Tuesday, April 5, 2016

Passion Party #563 - Behind The Front Page

I never use this blog for this purpose, but I just have to share the various news stories I read today in the Wall Street Journal.  None of these showed up on the first page, and none of them were reported in the LA Times.  I believe they are more newsworthy than the latest thing that any politician said today.
  1.  -  Millions of documents that were leaked from Mossack Fonseca & Co. list 140 very prominent public officials, executives and celebrities that used their services in setting up shell companies and offshore accounts for its clients: Many business associates of Vladimir Putin, The Prime Minister of Iceland, eight relatives of China's Politburo Standing Committee, the brother-in-law of Chinese President Deng Jiagui, Ukranian President Petro Poroshenko and others.  The law firm and all individuals have denied any wrongdoing.
  2.  - Although college students take notes on the computer 33% faster than if they hand-write the notes, students that take notes by hand  consistently learn better,  retain information better and are faster to grasp new ideas.
  3.  - New rules from the Labor Department will, for the first time, require stock and insurance brokers to act solely in the best interest of their client, and fully disclose the commissions they earn by making an investment recommendation.
  4.  - Although the Financial Crisis Inquiry Commission (established in 2009 after the Great Recession started) named specific executives at Citigroup, Merrill Lynch and AIG that they felt should be brought to trial for violating federal securities law in 2011, NO Wall Street executives have faced criminal charges for the events that brought about the financial crisis.
  5.  - Bill Gross, the "Bond King" of Pimco was paid a $300 million bonus for his work with the firm in 2013.  He quit in 2014, and is now suing PIMCO for $200 million in damages for a bonus he claims he is owed for the time he worked there in 2014 before he resigned.
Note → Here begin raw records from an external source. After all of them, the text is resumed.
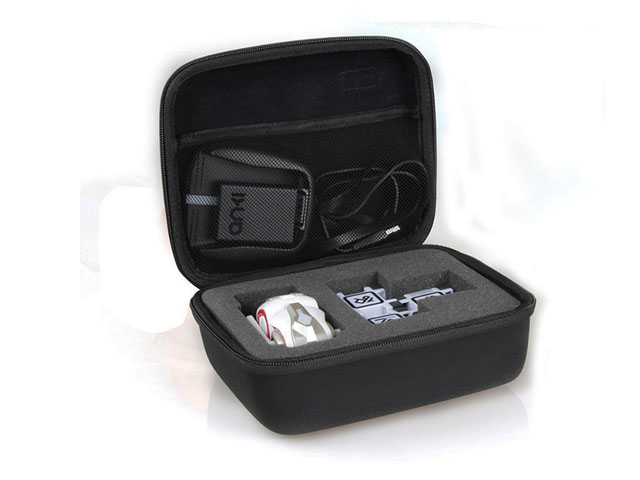 Hermitshell Cozmo Robot travel hard case with reinforced nylon coated rubber plaste logo free sample design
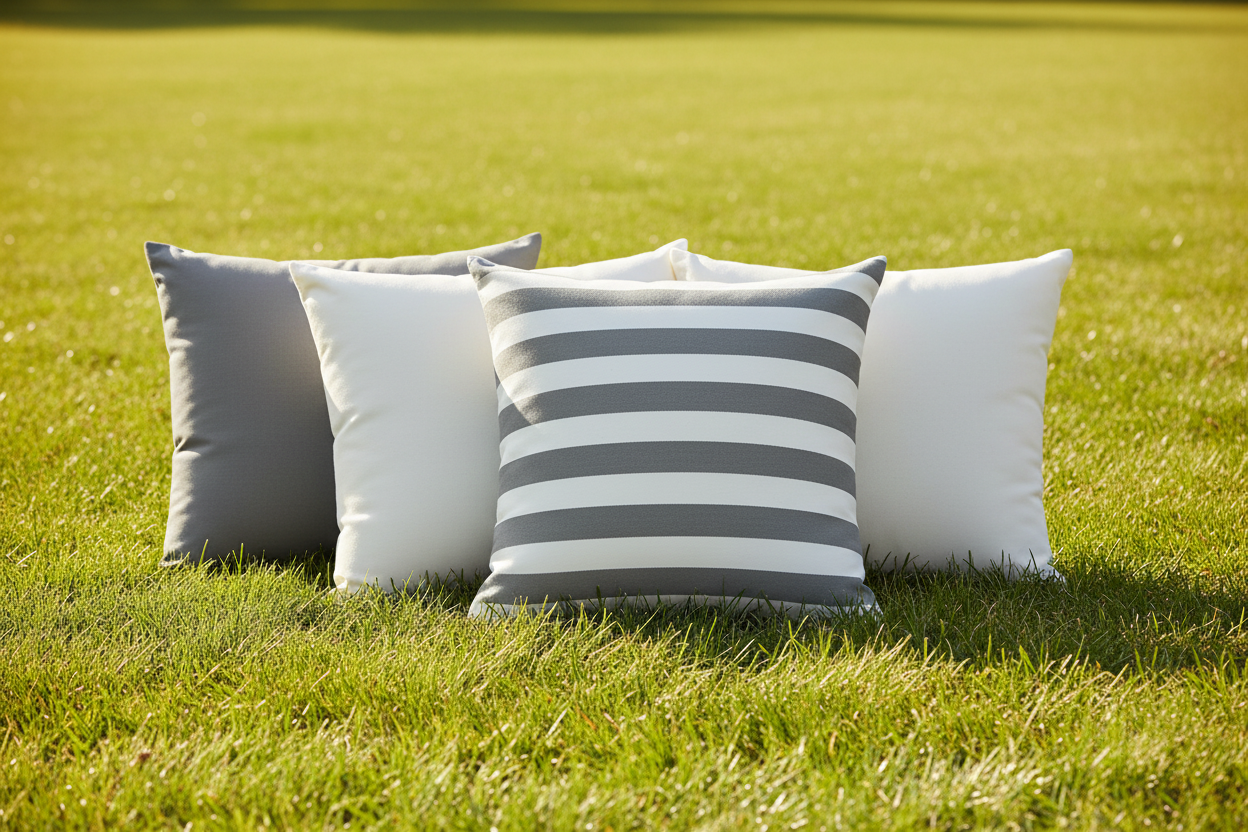 PATIO STRIPES SILVER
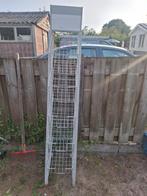 Metalen Stapelkratten, Doe-het-zelf en Verbouw, Kratten en Dozen, Ophalen, Gebruikt, Minder dan 35 cm, Minder dan 50 cm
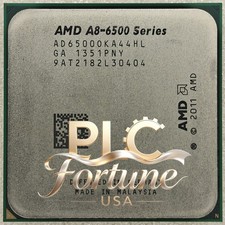 Used AMD A8-6500 AD6500OKA44HL Quad-core 4M 3.5GHz 65W Socket FM2 CPU Processors picture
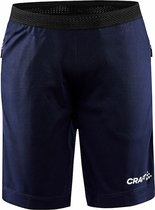Craft Evolve Zip Pocket Shorts JR 1910150 - Navy - 146/152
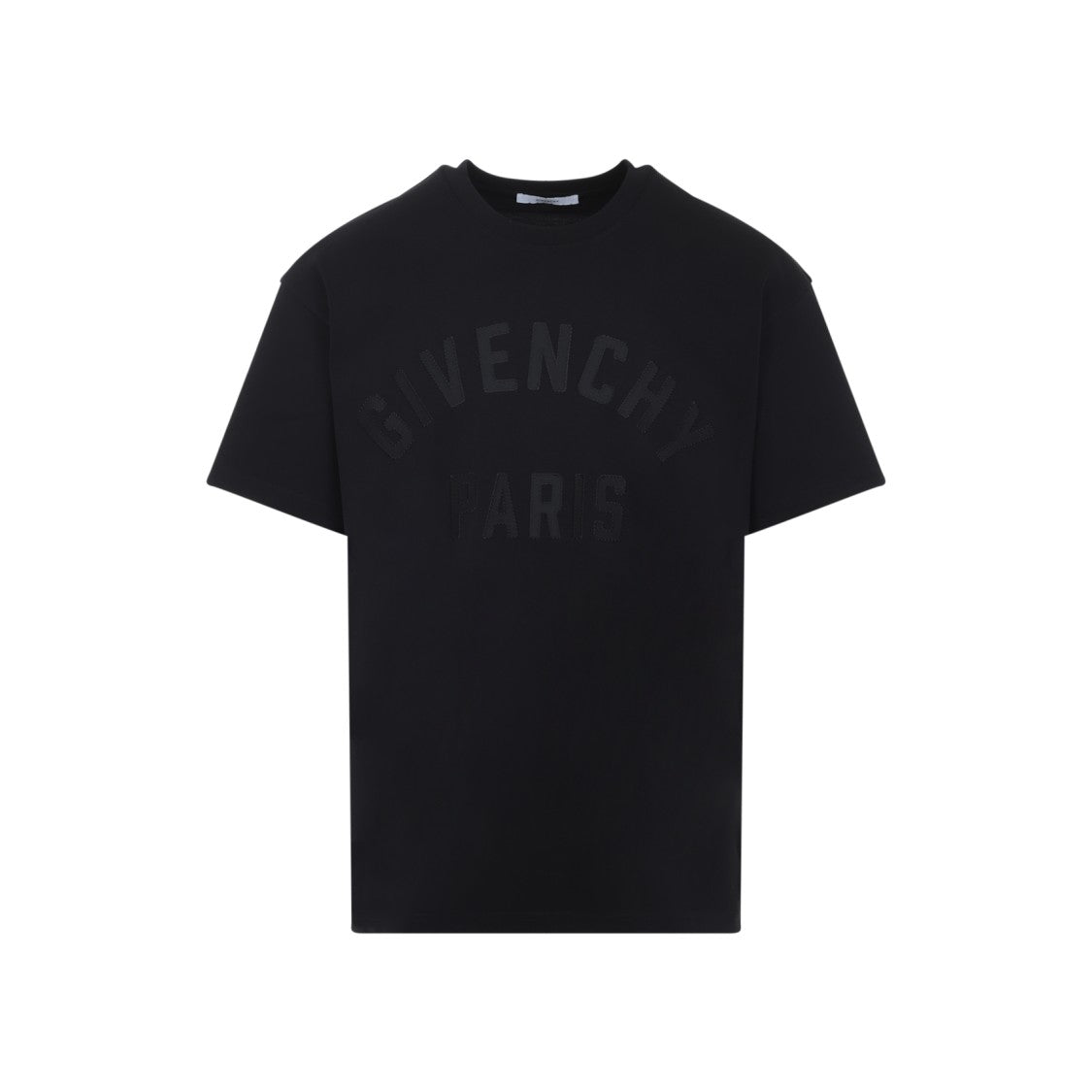 Relaxed Fit Embossed Logo Cotton T-Shirt
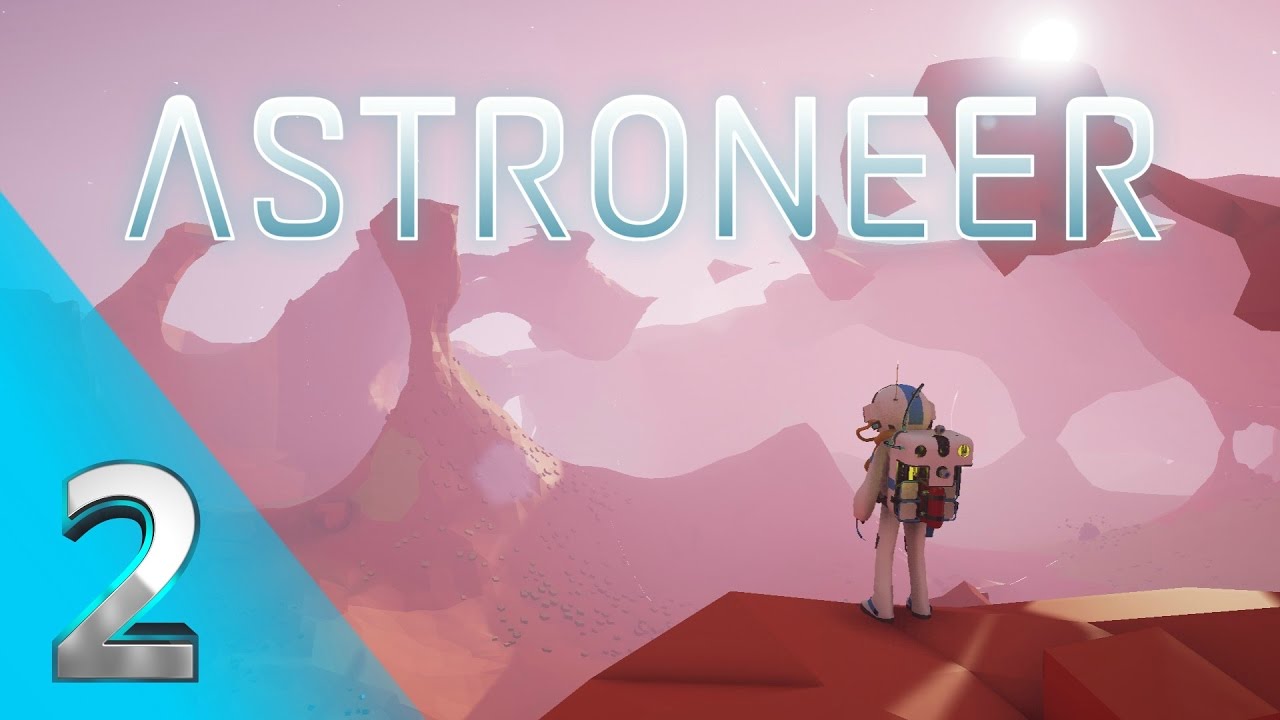 Astroneer Xbox One Gameplay Let's Play Part 2 YouTube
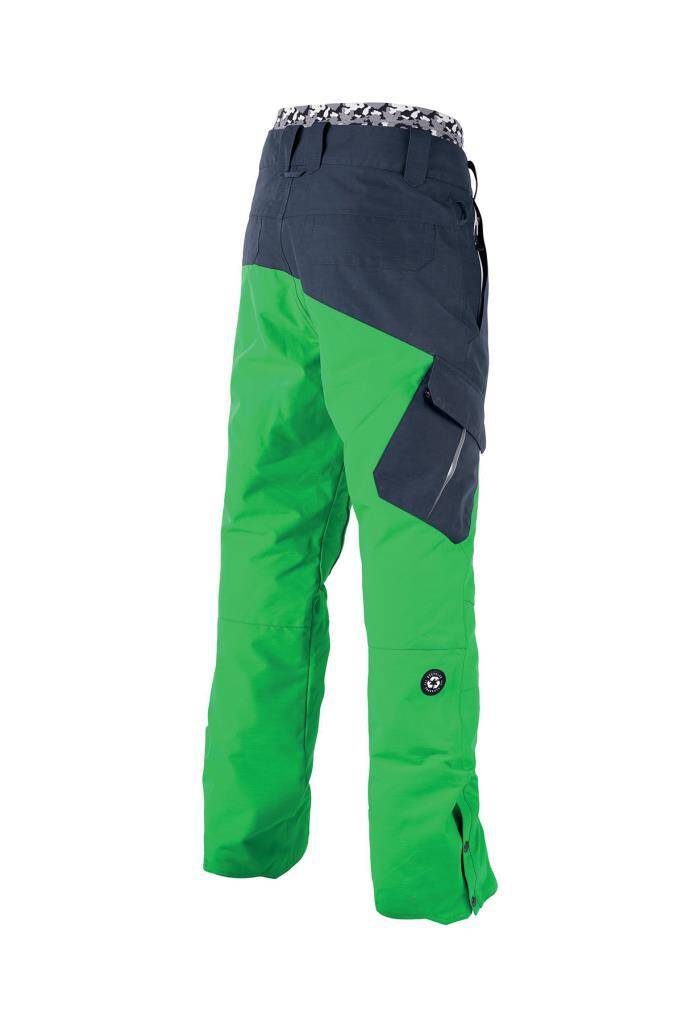 Picture Organic Panel Erkek Snowboard Pantolonu Yeşil - 2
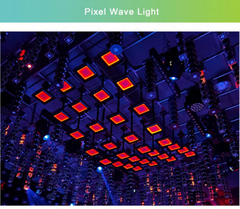 Cột Đèn LED Chiếu Sáng & Màn Hình Pixel WS2812 RGB (110V-220V)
 - Just another day here in paradise.

Monday, February 29, 2016

Passion Party #562 - One More Day

If you could spend one more day with a loved one already departed, how would you spend it? What would you do? Mitch Albom became fascinated by this question while writing the book, For One More Day
 
Albom found time and again that people wanted to spend an ordinary day doing ordinary things with the people they had loved. Almost everyone wanted to tell this special person, “I love you” one more time. Many said they wanted to do the habitual things they always did with the person, such as head to the movies, or eat at a favorite restaurant, or just sit around and talk about old times.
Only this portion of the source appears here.